Il D. oramai cieco, assistito dalla seconda moglie Antonia Bianchi, si spense a Roma il 7 ag. 1926.
Gli inediti del D. sopra citati si trovano presso l'istituto di storia romana dell'università di Roma, non ancora catalogati. Essi sono stati in parte divulgati da S. Mazzarino in vari luoghi (cfr. soprattutto Storia e diritto nello studio delle società classiche, in La storia e il diritto nel quadro delle scienze storiche, Firenze 1966, pp. 41-55, dove è pubblicato e discusso il lavoro sull'Adlectio e sono elencati i titoli dei più significativi studi eseguiti dal D. a Berlino; Antico, tardo antico ed era costantiniana, Città di Castello 1974, pp. 22-31). Testimonianza della ricchezza interiore, che fu dell'uomo come del filologo, sono le scritture in versi, anch'esse inedite, del D. che la poesia coltivò intensamente, non solo come riflesso di giovanili suggestioni letterarie (cfr. un quaderno con 31 sonetti, senza titoli; un altro quaderno con 61 sonetti, con titoli: Sopra Napoleone, 1856; Sopra Giovanni Battista, La conversione di s. Paolo, Inno sacro per l'Addolorata) ma, come interesse "stravagante", anche in anni maturi (cfr. Tragedia Stefania ambientata nell'anno 1002, scritta nel 1888; Boezio, senza data).

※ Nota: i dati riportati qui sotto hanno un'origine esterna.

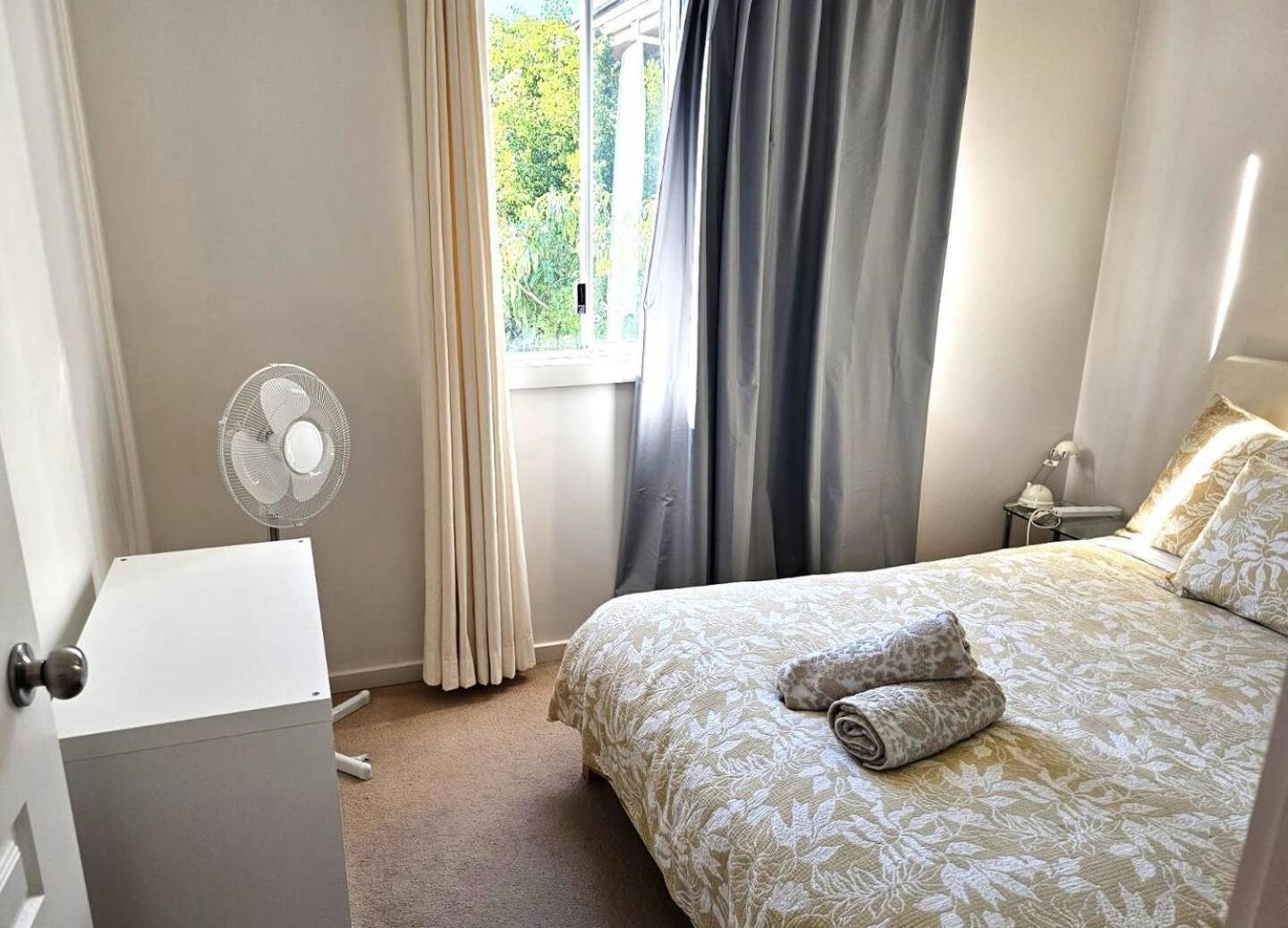 Your Oasis In The Heart Of East Holiday home *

Bibl.: Una bibliografia completa delle opere del D. è in Nuova Riv. stor., X (1926), p. 581. Sul D. mancano finora trattazioni monografiche. Si ricordano i necrol. ibid., p. 580, in Rend. di arch. let. e belle arti, XL (1926), p. 27, e in Riv. di filol. e istruzione classica, LV (1927), pp. 124-127. Numerose le recensioni al Diz. epigrafico: J. Beloch, in La Cultura, V (1886), p. 324; A. L. Frotingham, in The American Journal of archaeology, II (1886), pp. 351 s.; cfr. M. Mowat, in Bull. epigraphique, VI (1886); E. Pais, in Riv. di filol. e istruzione classica, XV (1887), p. 84, ed infine la più ricca di spunti critici e biogr. di C. Barbagallo, Un'impresa ital. nel campo della storiografia, in Nuova Riv. stor., I (1917), pp. 110-115. Brevi cenni al D. sono in: B. Croce, Storia della storiografia nel sec. XIX, Bari 1921, II, p. 130; L. Russo, Storia dell'Università di Napoli, Napoli 1924, p. 689; Id., F. De Sanctis e la cultura napoletana, Napoli 1983, p. 141; A. Sogliano, La scuola archeol. di Pompei, Napoli 1941, pp. 17, 21; A. Momigliano, Gli studi di storia greca e romana dal 1895 al 1939, in Cinquant'anni di vita intellettuale italiana, I, Napoli 1950, pp. 100, 107 n. 5; R. Trifone, L'Università degli studi di Napoli, Napoli 1954, p. 137; P. Treves, L'idea di Roma e la cultura italiana nel sec. XIX, Milano-Napoli 1962, p. 85; Id., Lo studio dell'antichità classica nell'Ottocento, Milano-Roma 1962, p. 1234 n. 2; A. Giuliano, in Rinascita, 18 maggio 1963, p. 29. Discussioni più estese sono in S. Mazzarino, oltre che nei luoghi sopra citati, in Germanesimo culturale negli studi romani dell'800 italiano, in Annali dell'Università di Padova, 1972-73, pp. I-II; si confronti, infine, M. Elefante, E. D., in La cultura classica a Napoli nell'800, a cura di M. Gigante, Napoli 1987, pp. 727-754.